Members of the Cooper family own a total of more than 300 acres in the Cherry Hill community outside Moncks Corner. The land goes back more than 100 years in the family name, rife with stories of Farmers Home Administration discrimination.
For generations, federal farm service lenders defrauded more than 100,000 small farm owners who were black, across the nation but largely in the Southeast. Lenders overpriced loans against land equity to the point where some owners were bankrupted and lost their land. In 2010, after years of legal challenges, the department agreed to a $1.25 billion settlement of lawsuits filed by advocacy groups.
“We talk about this a lot, in terms of the honesty factor,” Cooper-Carter said about her family and the history with the U.S. Department of Agriculture. But she decided she’d take a look at the opportunity to get mentoring and technical service help to manage the family’s traditional farmland as forestland.
Vilsack met with the Cooper family and other members of the Cherry Hill community Friday as presidential candidates combed South Carolina in advance of the two parties’ primaries. The visit was a centerpiece to the announcement of a $3.6 million conservation-oriented support program for private black forest owners, including $2 million in business or non-federal funds.
The program stems from a pilot program launched in the Lowcountry in 2013, which worked with 57 applicants, including Cooper-Carter. About 229 million acres of Southern forest is owned privately, including more than 12 million acres in South Carolina.

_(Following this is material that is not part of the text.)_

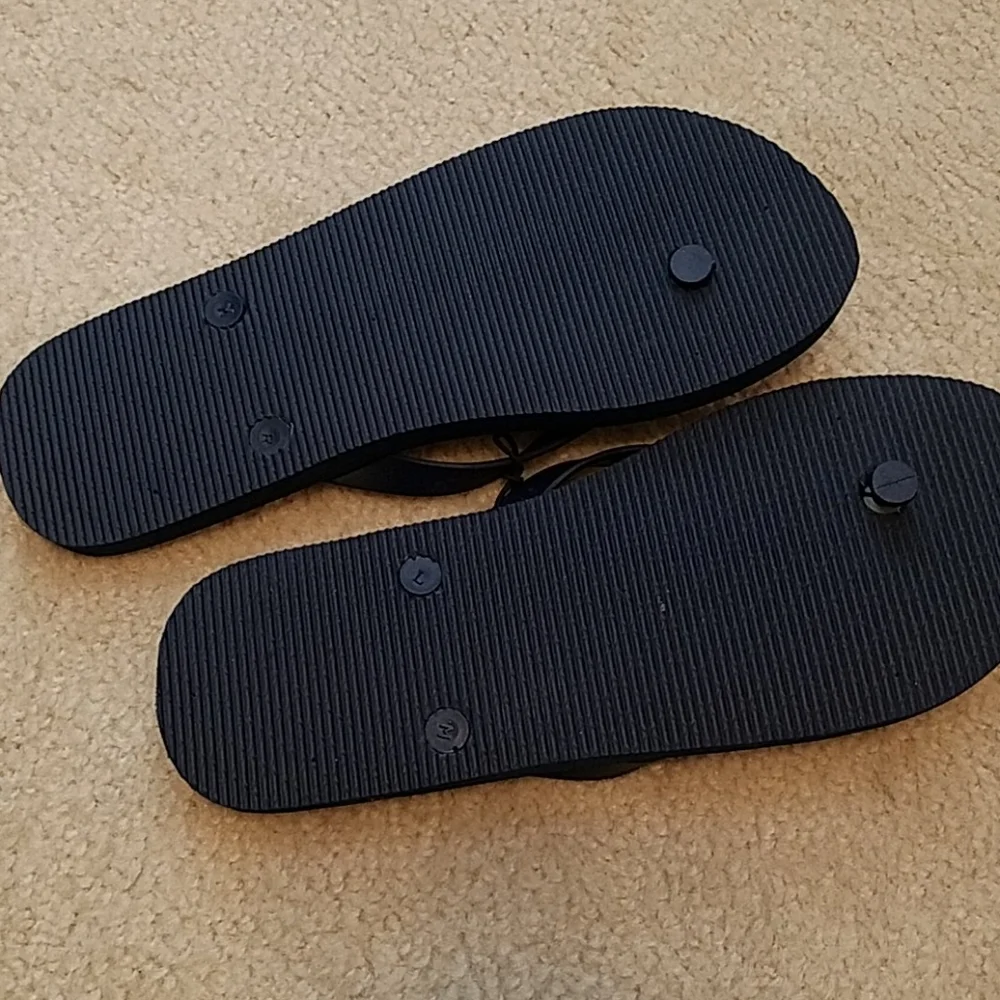 Corona, Navy, white, gold flip flops, Sz S/M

About 16 million of that is owned by blacks and other minorities, according to federal numbers.
Vilsack’s visit followed his Friday morning announcement at Fort Stewart, Ga., of an overall $720 million program to support 84 conservation projects across the country to improve water quality, soil and habitat. That funding will include $500 million in business or non-federal money, according to a news release.
Asked about the timing of the visit a little more than a week ahead of the primaries, Vilsack gave a tiny wry grin and said, “I’m from Iowa. The caucuses are over.” Then he talked about the opportunity for candidates to appreciate the economic importance of conservation in rural areas.

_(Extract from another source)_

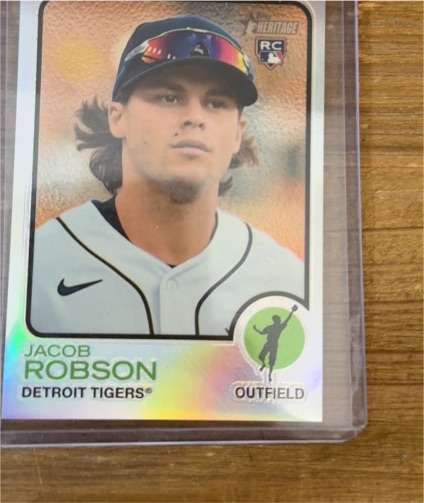 2022 Topps Heritage #588 Jacob Robson — front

About overcoming the distrust of the department among black farm communities, he said, “We’ve worked really, really hard in the past seven and a half years to create what I call a new era.” The department has targeted resources to lower income farmers and reconstituted its workforce to be more reflective of them, he said.
“I think it’s a different day, and it’s certainly a different USDA.”
For Cooper-Carter, the important part “is having the knowledge, knowing what we can do and how far we can go. Asking questions and then following up,” she said. “Here in South Carolina, forestry is one of the largest industries. Why not give minority landowners the tools and opportunity to keep the industry going? It creates jobs.”
Editor’s note: earlier versions of this story contained an error.